[milter-greylist] crash of milter-greylist process due to stack corruption
2015-06-03 by Bruncsak, Attila
Yahoo Groups archive
Index last updated: 2026-04-28 23:32 UTC
Thread
2015-06-03 by Bruncsak, Attila
Hello, At the end I got a usable core dump to figure out the reason of the long standing problem of milter-greylist process crash. In the function sync_waitdata() the value of "fd" is not checked against of FD_SETSIZE. It must have a value smaller than that. Please apply the patch attached to that message. While I was debugging I found code which seemingly left over (pthread_mutex_(init|lock) on an auto variable in a thread, which is nowhere else referred to) and I could optimize out one member of the struct sync (s_peer). It is not needed since each peer has his own private sync list. Best, Attila
2015-06-07 by manu@...
'Bruncsak, Attila' attila.bruncsak@... [milter-greylist]
<milter-greylist@yahoogroups.com> wrote:
> In the function sync_waitdata() the value of "fd" is not checked
> against of FD_SETSIZE. It must have a value smaller than that.
>
> Please apply the patch attached to that message.

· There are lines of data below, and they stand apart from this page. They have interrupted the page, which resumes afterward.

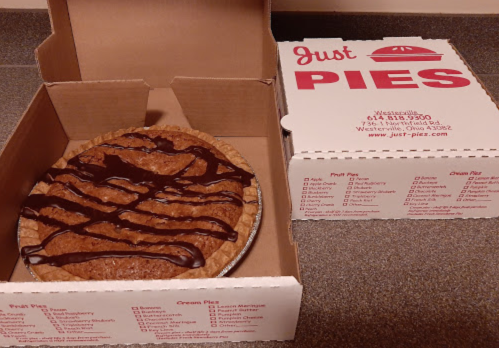 A pie with chocolate drizzle sits in an open box labeled "Just PIES," with a list of pie options on the side.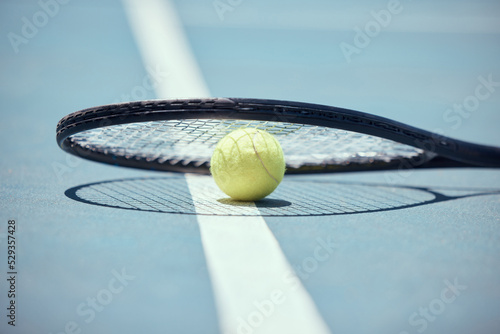 Tennis court ball, badminton bat and sports ground with racket silhouette, shadow and sunshine on training floor. Outdoor sun background turf for game, playing match and healthy fitness hobby skill © David L/peopleimages.com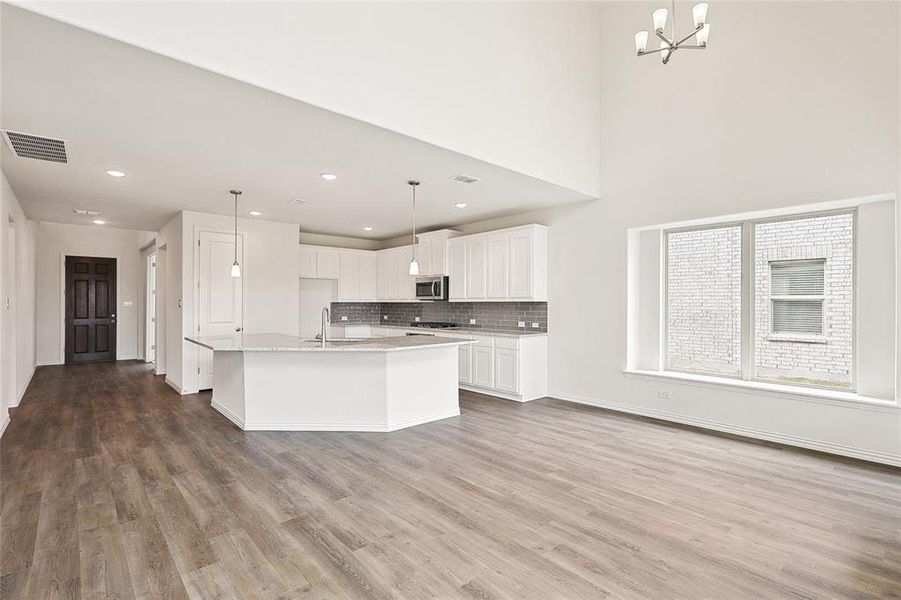 Kitchen with decorative light fixtures, a center island with sink, wood-type flooring, tasteful backsplash, and white cabinets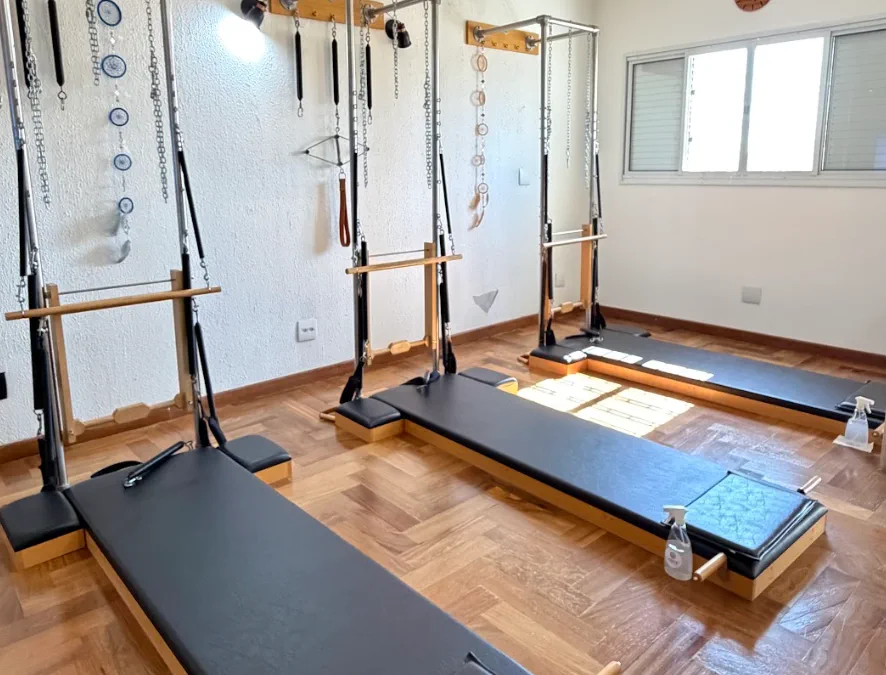 Sala de pilates com aparelhos junto à janela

Is there any merit to keep the select() code along with the poll() flavor?
I would rather replace it all (like below). What is your opinion?
Index: sync.c
===================================================================
RCS file: /cvsroot/milter-greylist/sync.c,v
retrieving revision 1.90
diff -U 4 -r1.90 sync.c
--- sync.c 23 Mar 2013 01:45:02 -0000 1.90
+++ sync.c 7 Jun 2015 04:30:14 -0000
@@ -47,8 +47,9 @@
#include <strings.h>
#include <pthread.h>
#include <syslog.h>
#include <sysexits.h>
+#include <poll.h>
#include <sys/socket.h>
#include <netinet/in.h>
#include <arpa/inet.h>
@@ -1316,34 +1317,48 @@
sync_waitdata(fd, stimeout)
int fd;
time_t stimeout;
{
- fd_set fdr, fde;
- struct timeval timeout;
+ struct pollfd fds;
int retval;
- FD_ZERO(&fdr);
- FD_SET(fd, &fdr);
+ if (stimeout == 0)
+ stimeout = INFTIM;
+ else
+ stimeout = 1000 * stimeout;
- FD_ZERO(&fde);
- FD_SET(fd, &fde);
+ fds.fd = fd;
+ fds.events = POLLIN;
+
+ retval = poll(&fds, 1, stimeout);
- timeout.tv_sec = stimeout;
- timeout.tv_usec = 0;
+ switch (retval) {
+ case 0:
+ mg_log(LOG_ERR, "%s: poll timeout", __func__);
+ break;
- retval = select(fd + 1, &fdr, NULL, &fde, stimeout == 0 ? NULL : &timeout);
+ case -1:
+ mg_log(LOG_ERR, "%s: poll error: %s",
+ __func__, strerror(errno));
+ break;
- if (retval == 0) {
- mg_log(LOG_ERR, "sync_waitdata : select timeout");
-
- } else {
- if (retval < 0) {
- mg_log(LOG_ERR, "sync_waitdata : error");
- } else {
- if (FD_ISSET(fd,&fde)) {
- mg_log(LOG_ERR, "sync_waitdata : exception fd is
set");
- }
- }
+ default:
+ if (fds.revents & POLLPRI)
+ mg_log(LOG_ERR, "%s: high priority data available",
+ __func__);
+
+ if (fds.revents & POLLERR)
+ mg_log(LOG_ERR, "%s: exceptional condition",
+ __func__);
+
+ if (fds.revents & POLLHUP)
+ mg_log(LOG_ERR, "%s: socket was disconnected",
+ __func__);
+
+ if (fds.revents & POLLHUP)
+ mg_log(LOG_ERR, "%s: file descriptor not open",
+ __func__);
+ break;
}
return retval;
}
--
Emmanuel Dreyfus
http://hcpnet.free.fr/pubz
manu@...2015-06-07 by manu@...
'Bruncsak, Attila' attila.bruncsak@... [milter-greylist] <milter-greylist@yahoogroups.com> wrote: > While I was debugging I found code which seemingly left over > (pthread_mutex_(init|lock) on an auto variable in a thread, > which is nowhere else referred to) Indeed that one must die. > and I could optimize out one member of the struct sync (s_peer). > It is not needed since each peer has his own private sync list. Not sure I grasped this one. Could you elaborate? -- Emmanuel Dreyfus http://hcpnet.free.fr/pubz manu@...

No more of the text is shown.